> RECORDED DATA
BEGIN

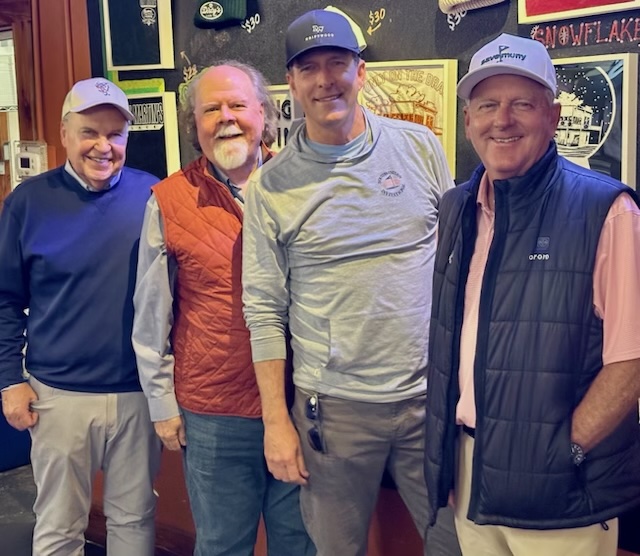 The Fifteenth Club--Dec. 20, 2025 w/Ed Clements, Scotty Sayers, Mark Brooks & Jean-Paul Hebert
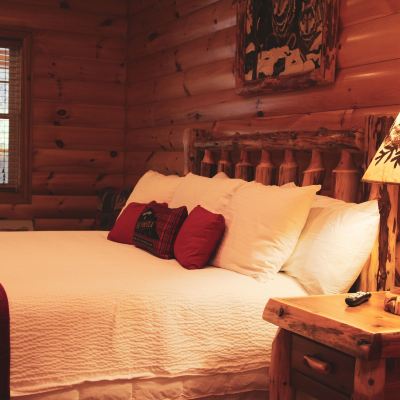 Honeymoon Cabin, 1 King Bed The Pineola Promo Code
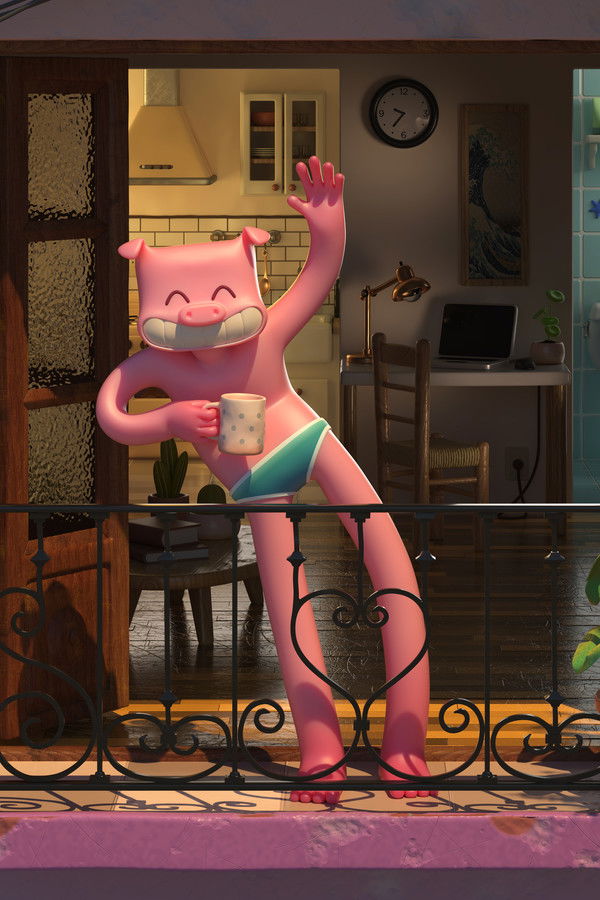 Pluma, in quarantine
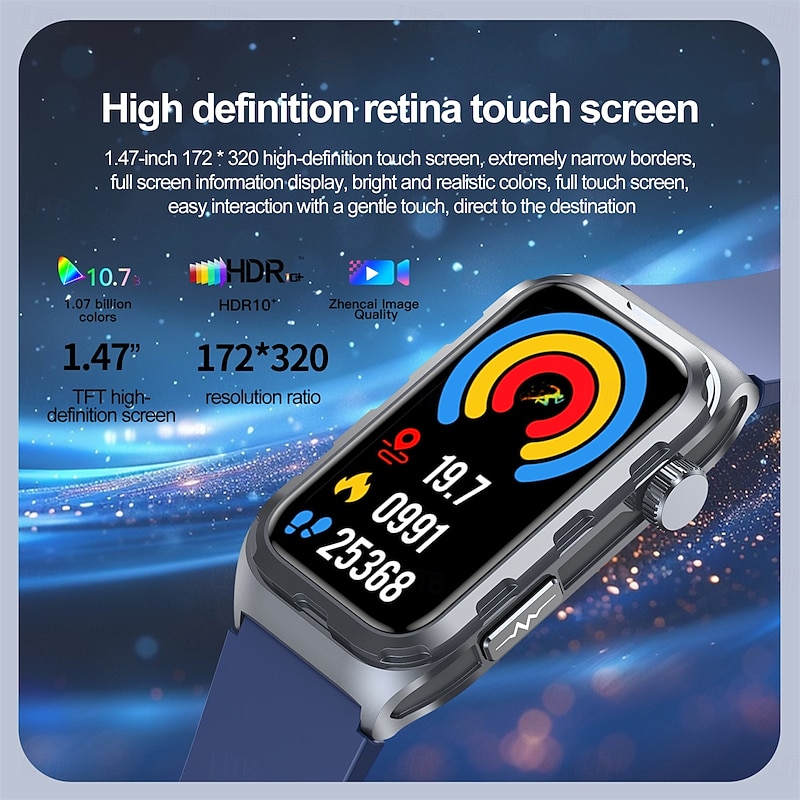 TK79 ECG Smart Watch Bracelet ECG Pulse Physiotherapy Micro-physical fitness tracker Sports Health Wristband4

END

> ACTIVITY
Write out the listing above again, exactly, but with no pictures in the copy.

> TASK RESULT
 The Fifteenth Club--Dec. 20, 2025 w/Ed Clements, Scotty Sayers, Mark Brooks & Jean-Paul Hebert
 Honeymoon Cabin, 1 King Bed The Pineola Promo Code
 Pluma, in quarantine
 TK79 ECG Smart Watch Bracelet ECG Pulse Physiotherapy Micro-physical fitness tracker Sports Health Wristband4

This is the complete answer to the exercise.